Отец молчал, то ли решив ничего не объяснять, то ли сказать своё обычное «ты всё равно не поймёшь», то ли тянул время, собираясь с мыслями. Ирина напряженно ждала:

– Я ждал этого вопроса, сам хотел объясниться, но не знал как… Во-первых, откуда ты знаешь, что «никто не возвращается»? Такое бывает, хотя и исключительно редко. Вот и со мной случилось, потому что мне это было надо.

– Надо? Как это?

– Как ты говоришь, «там» никто уже об оставшихся не думает, а я думал… ничего о вас не знал, а мне очень хотелось знать всё. Неизвестность была для меня страданием. Я не мог обрести покоя, и мне… разрешили.

– Кто разрешил?

– Не знаю. Просто вернули, чтобы я… посмотрел.

– И всё? Пап, ну сам подумай, как это для нас звучит? «Разрешили, вернули…» это Бог? И вообще, как там?

– Что ты хочешь знать? Я когда-нибудь тебе объясню, но не сейчас. Иди на работу. Не мучь меня.

– А ты мучаешься?

– Да, мне трудно об этом говорить.

– Почему ты о нас думал? Ты мог там думать? А мама? Мама думала? Другие? Ты мне расскажешь?

– Постараюсь, но сейчас это не главное. Сейчас давай думать о субботе.

– Ты волнуешься?

– Да, конечно.

– Серьёзно? А почему ты тогда только и знаешь что о пустяках говорить?

– Это не пустяки. Это ваша жизнь. Я должен её понять. За этим я и пришёл. Правильно ли вы живёте?

– Что? Как это – правильно? И кто знает, как правильно?

– Я знаю. Проверю и скажу. Иди, опоздаешь. А знаешь, я сегодня с тобой поеду. Подожди две минуты, я оденусь.

Отец легонько дотронулся до Ириной щеки и пошёл наверх. Он впервые коснулся её кожи, и Ира ощутила его руку, тёплую, сухую, абсолютно живую. А тогда на похоронах она наклонилась над гробом и коснулась губами его бледного лба. Жуткое ощущение мороженого, холодного мяса. Папа превратился в тело, и она в этом убедилась. А сейчас он живой, произошло чудо, в которое никто не верил. Но его нельзя было не принять, потому что нельзя не верить очевидному.

В машине отец вальяжно откинулся на сиденье.
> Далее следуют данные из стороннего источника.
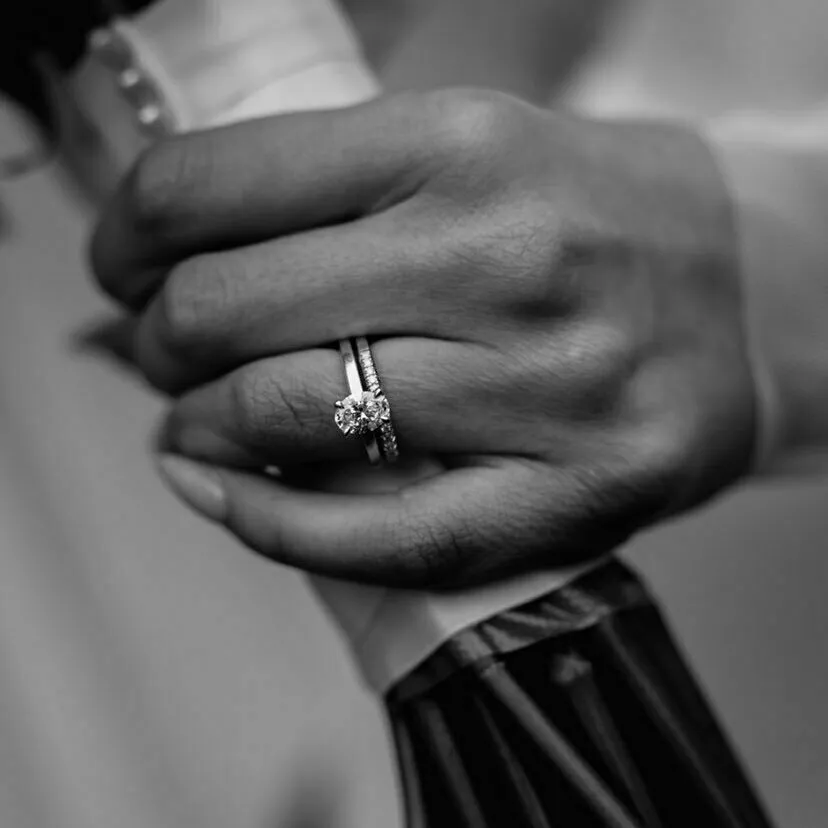 ADRIANA | French Pavé Diamond Ring in White Gold (0.19ct tw.)
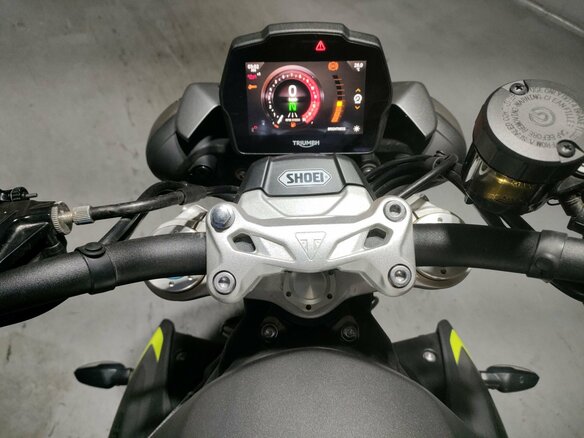 2022 Triumph Speed Triple, серый, 1380000 рублей - вид 2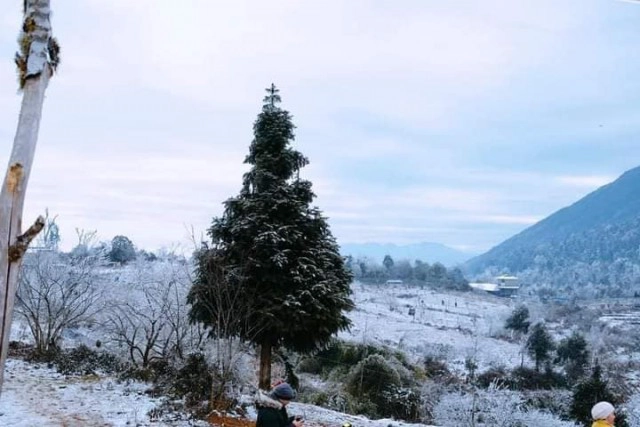 เปิดภาพ "ลาว-เวียดนาม" หิมะตก อากาศหนาวจัด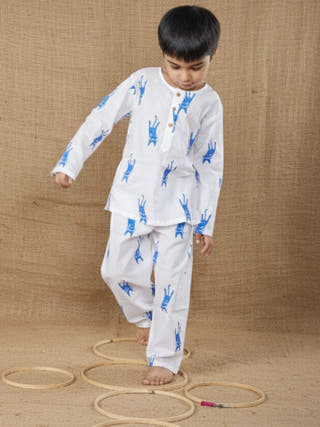 A Magnificient Cat Unisex Nightwear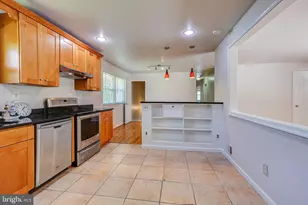 2708 Shanandale Dr, Silver Spring, MD 20904 - Photo 14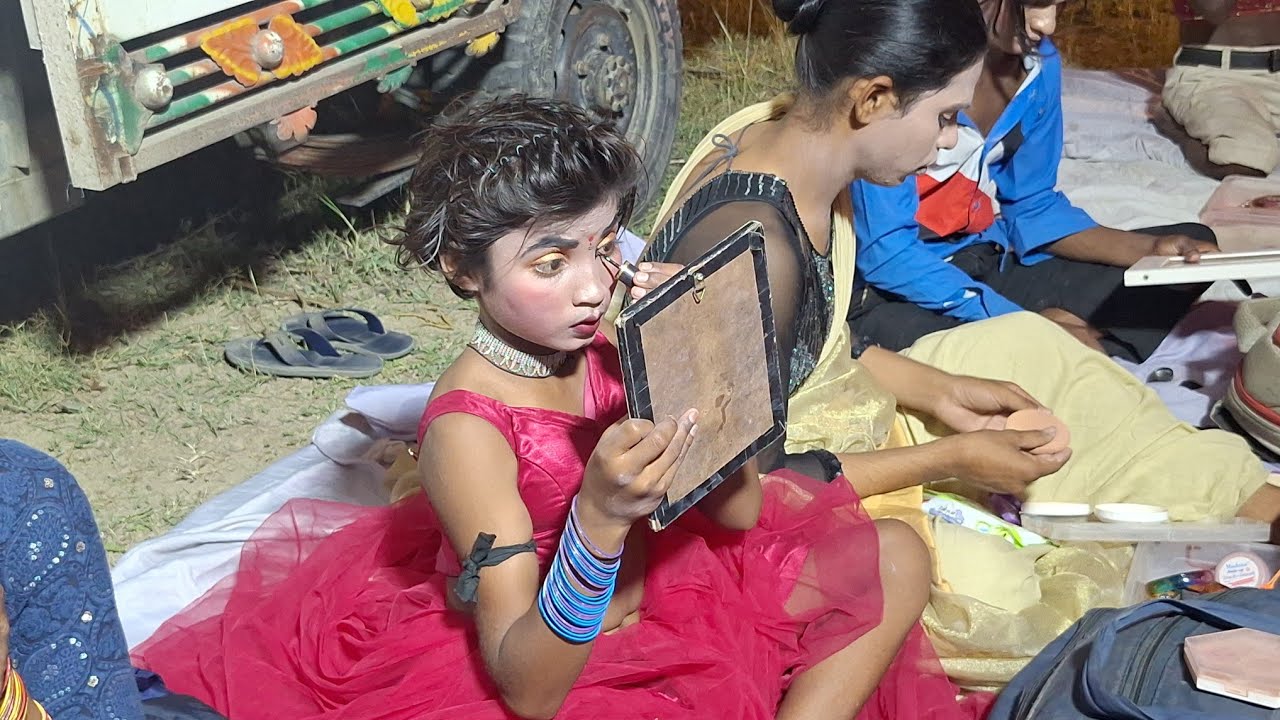 इस छोटी लड़की का मेकअप वीडियो पूरा कपड़ा पहनने तक शुरू से आखिरी तक देखें न्यू #nautanki #mekaup
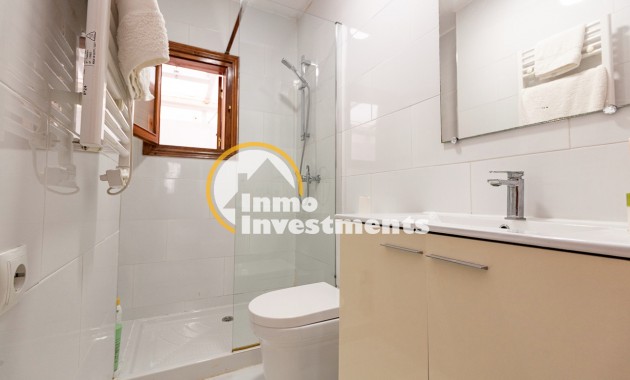 Resale - Apartment - Torrevieja - El Chaparral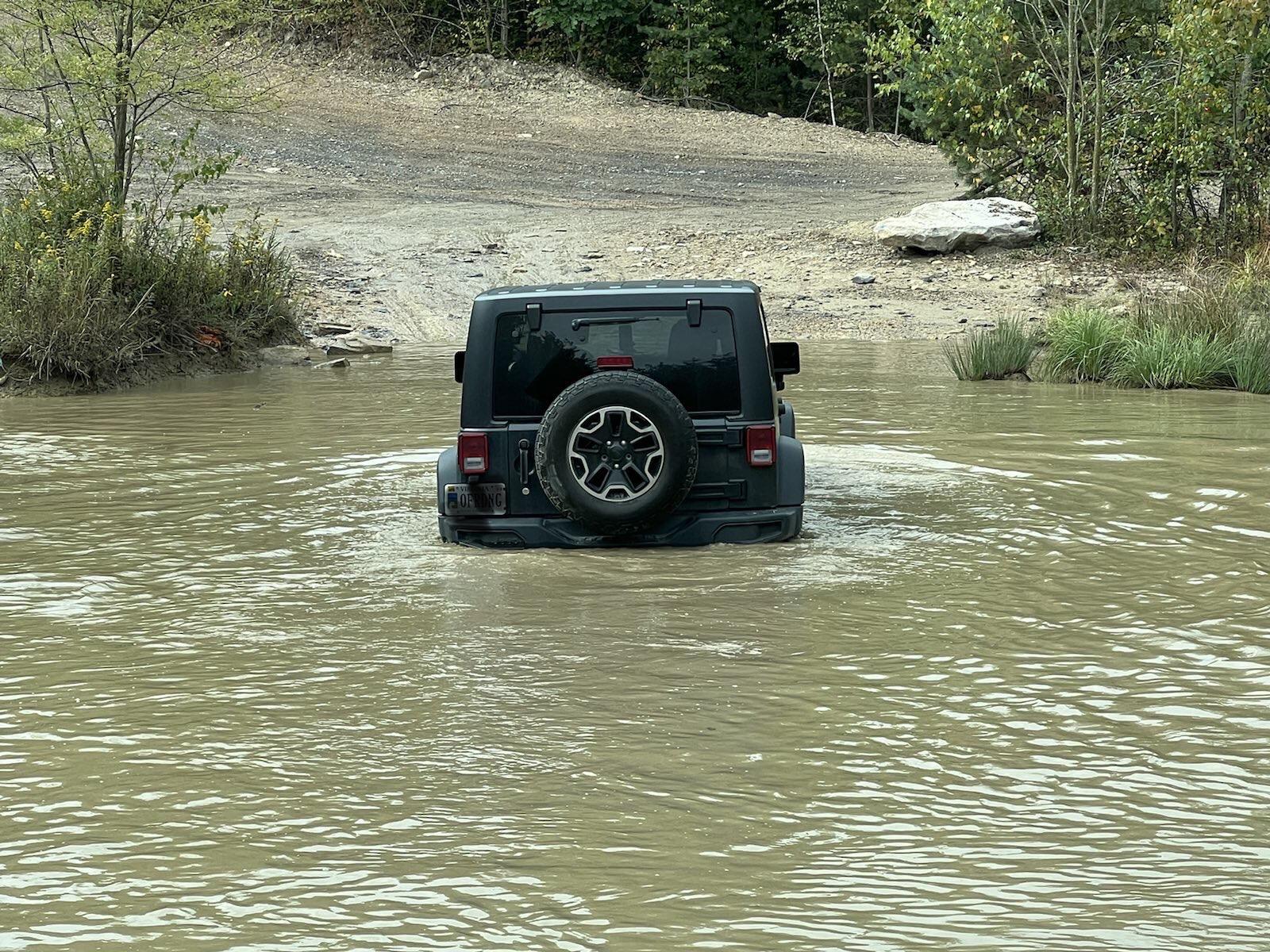 Jeep Gladiator Jeep Academy and hurricane Ian FFA98049-0B3B-40D4-8475-76093CF1C12F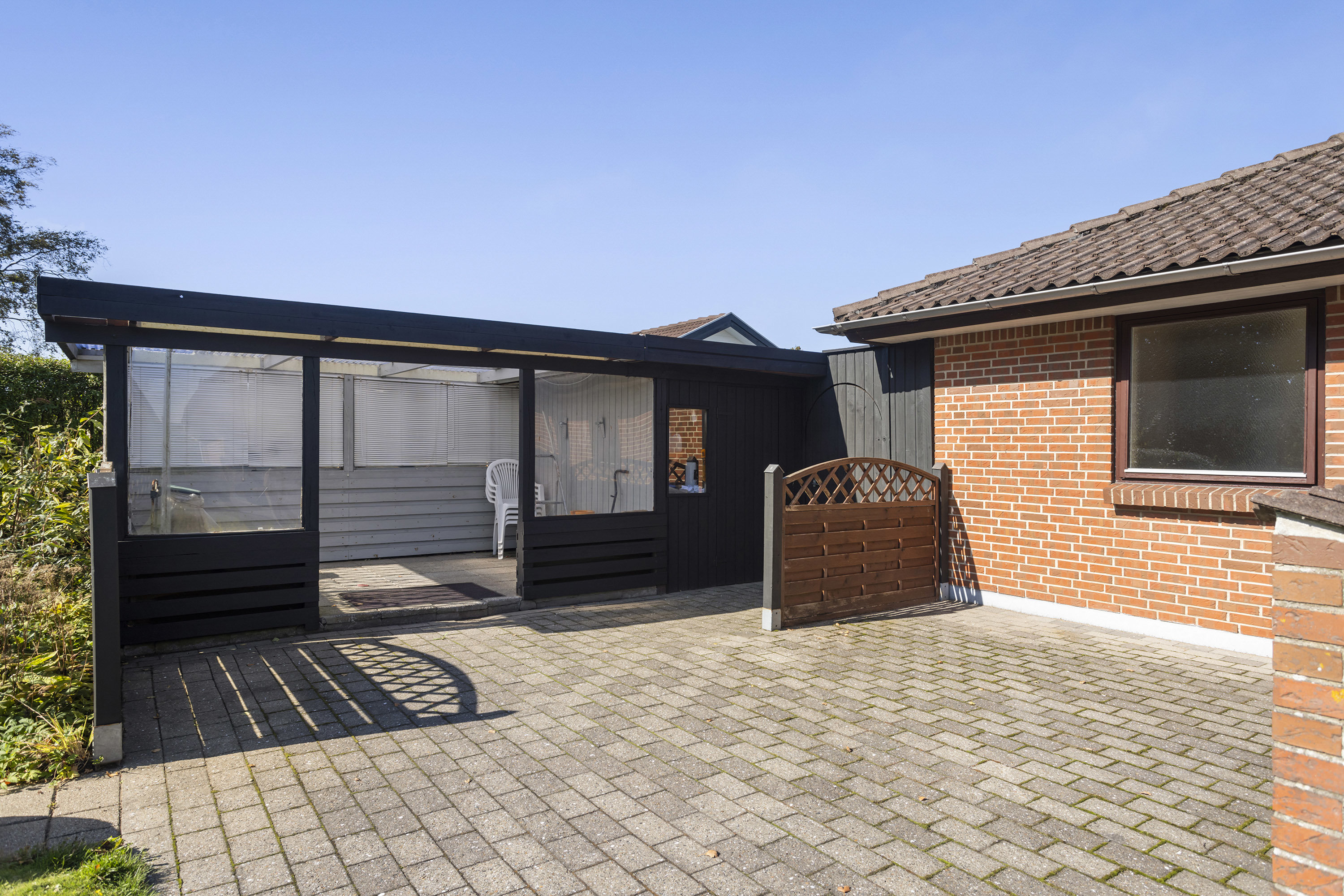 Fremhævet terrasse billede i fuldskærmstilstand. Billede af Damsgårdsvej 1, 9900 Frederikshavn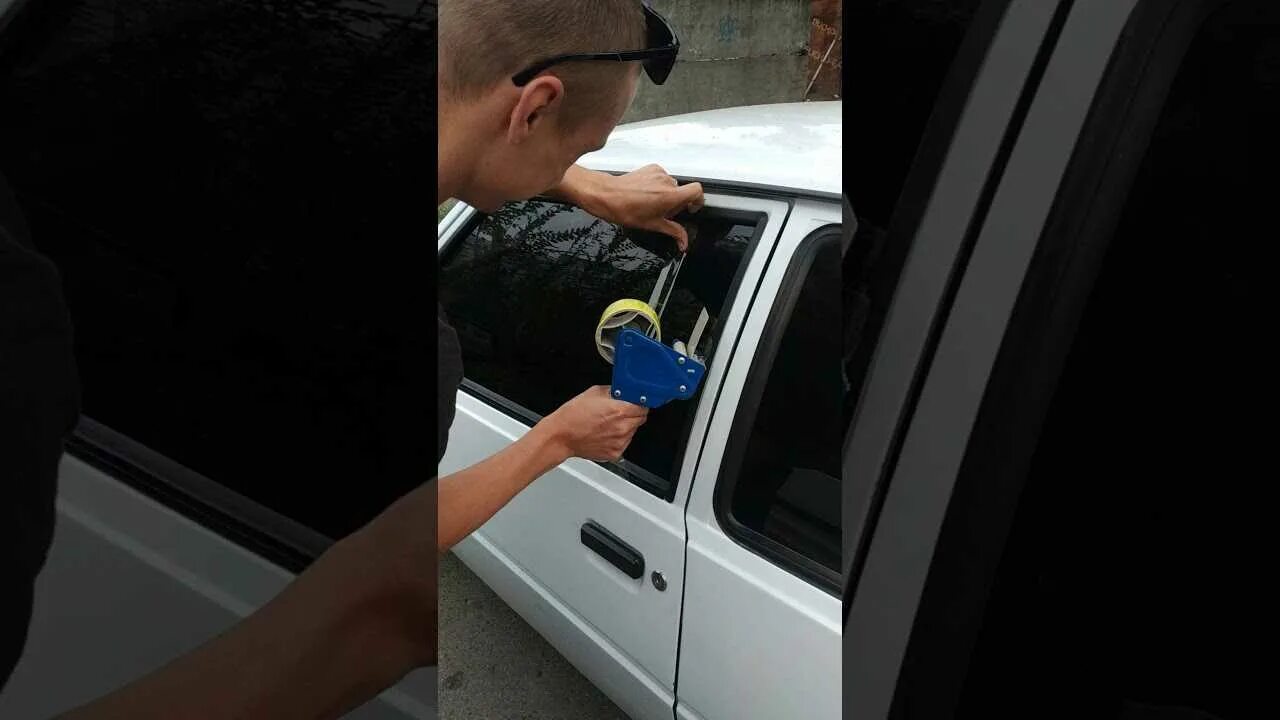 автомобиль без ключа. дверь машины. дверь автомобиля. стучится в окно машины. машинка для вскрытия замков.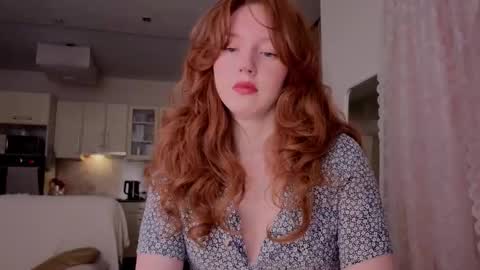 Snapshot of luciacoy chatting on February 7, 5:27 pm Lucia online show from February 7, 5:27 pm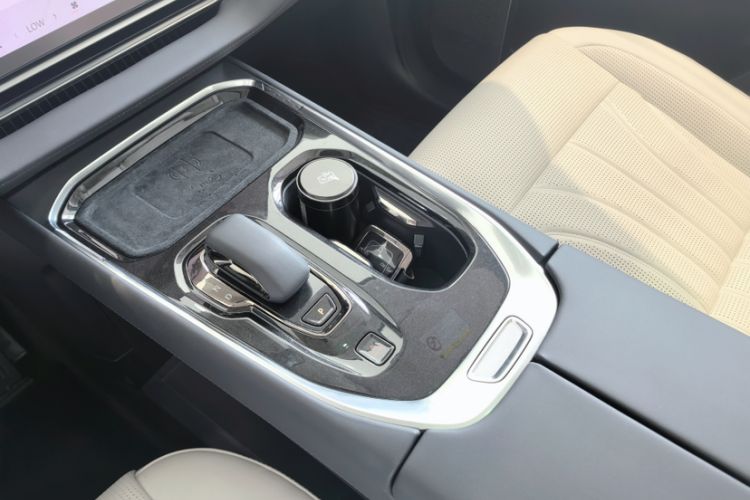 Used Zeekr 009 2024 GAC Trumpchi Interior 1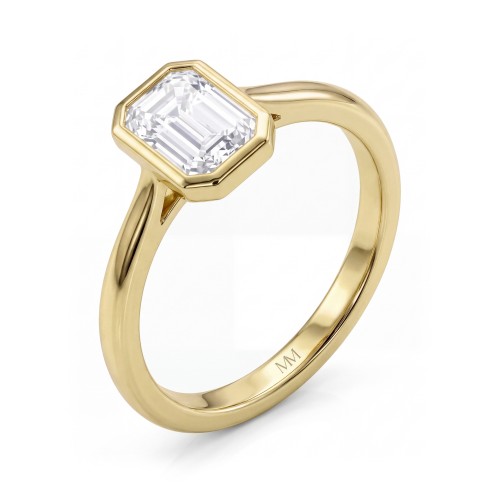 Esme - pierścionek solitaire z moissanitem o szlifie szmaragdowym w oprawie bezel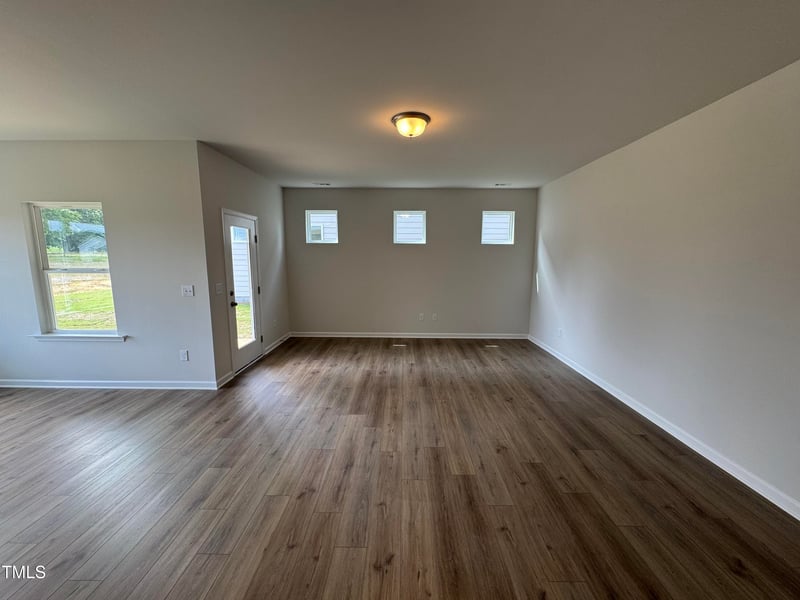 51 Commons Cir, Clayton, NC 27520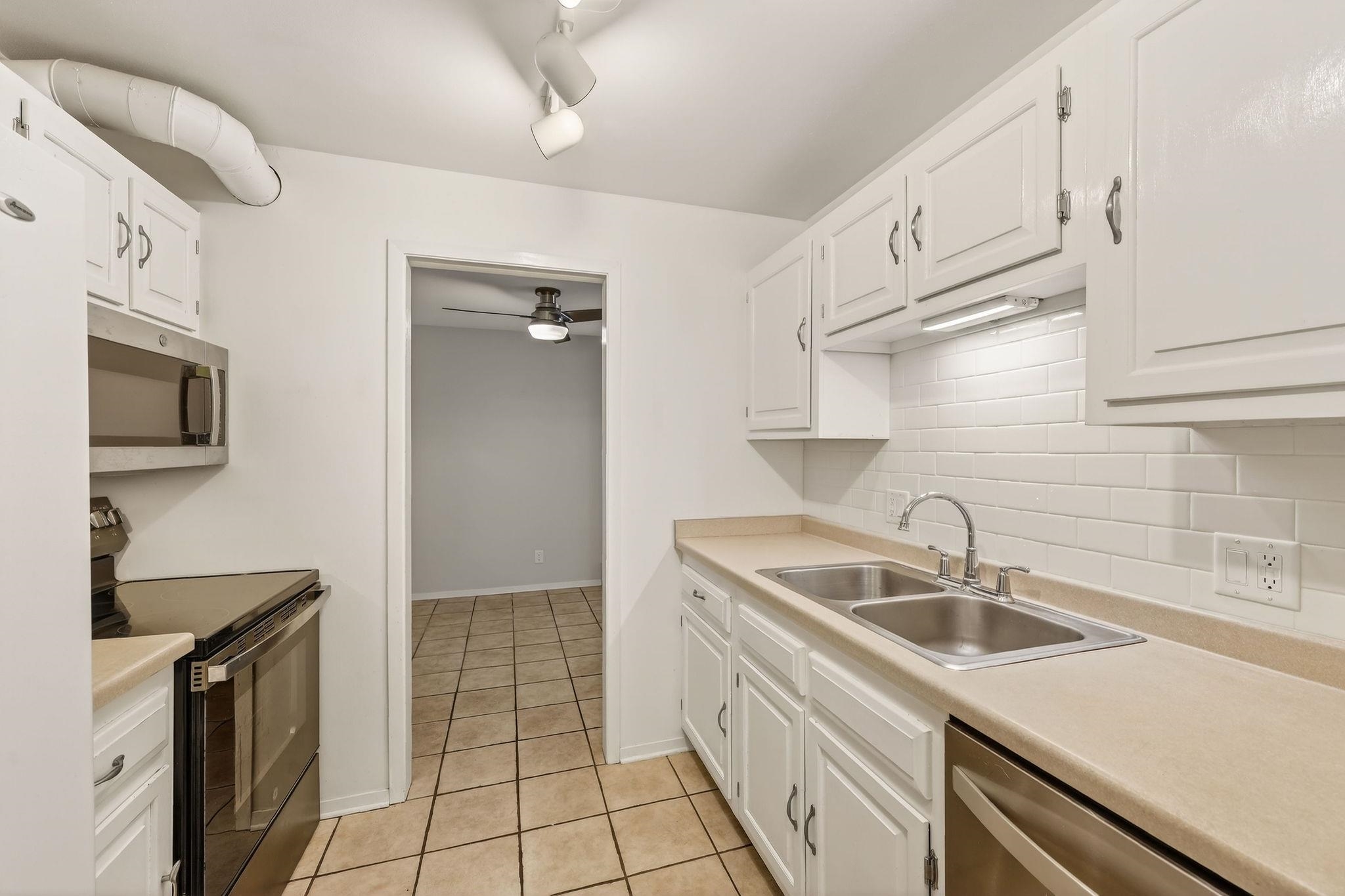 6443 Bridge, Unit 101 Madison, WI 53713 - Photo 14 of 35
Ирине пришлось настоять, чтобы он пристегнулся. Папа не хотел, всё говорил ей: «Да ладно, не стоит». Убедила его только неизбежность штрафа. По дороге он восхищался красивой панорамой сельского Орегона, делал Ире комплименты, что она хорошо водит машину, расспрашивал об Орегоне, о её работе в университете, о профессиях всех остальных, о деньгах. Ира и сама не заметила, что с увлечением рассказала отцу о выплатах за дома, страховках. Всё это были американские реалии, совершенно отцу неизвестные. Ему всё было интересно: значит, никто не нуждается? Большие хорошие дома? Лилькин муж – инженер? Хорошо. Компьютерная индустрия, ага. Да, перспективное дело… я понимаю. А Маринкин муж, значит, доктор? Много зарабатывают? Вам помогают? Нет? Вам пока ничего не надо? Я рад. Да, да, хорошо, что парни – русские, это важно. А дети? Говорят по-русски? Отлично. Ира и не заметила, что рассказала отцу почти всё, что произошло за прошедшие тридцать лет: перестройка, иммиграция, замужества внучек, рождение правнуков. Отец слушал внимательно, задавал уточняющие вопросы, а потом сказал Ире, что он сам всё увидит. Теперь Ире хотелось поделиться с отцом всем-всем, рассказать, что они пережили, как пробивались. Особенно ей было интересно его мнение об эмиграции, одобрял он её или нет:

– Пап, а правильно мы сделали, что уехали? Ты бы с нами уехал?

– Ир, ты же знаешь, что я и сам всегда хотел уехать, и именно в Америку. Мне казалось, что я смог бы пробиться и стать богатым. А насчет… ехать с вами? Не уверен, что меня бы выпустили. Вряд ли. Вы уехали, потому что я к тому времени умер. Был бы жив, ты бы меня одного не оставила. Нет же?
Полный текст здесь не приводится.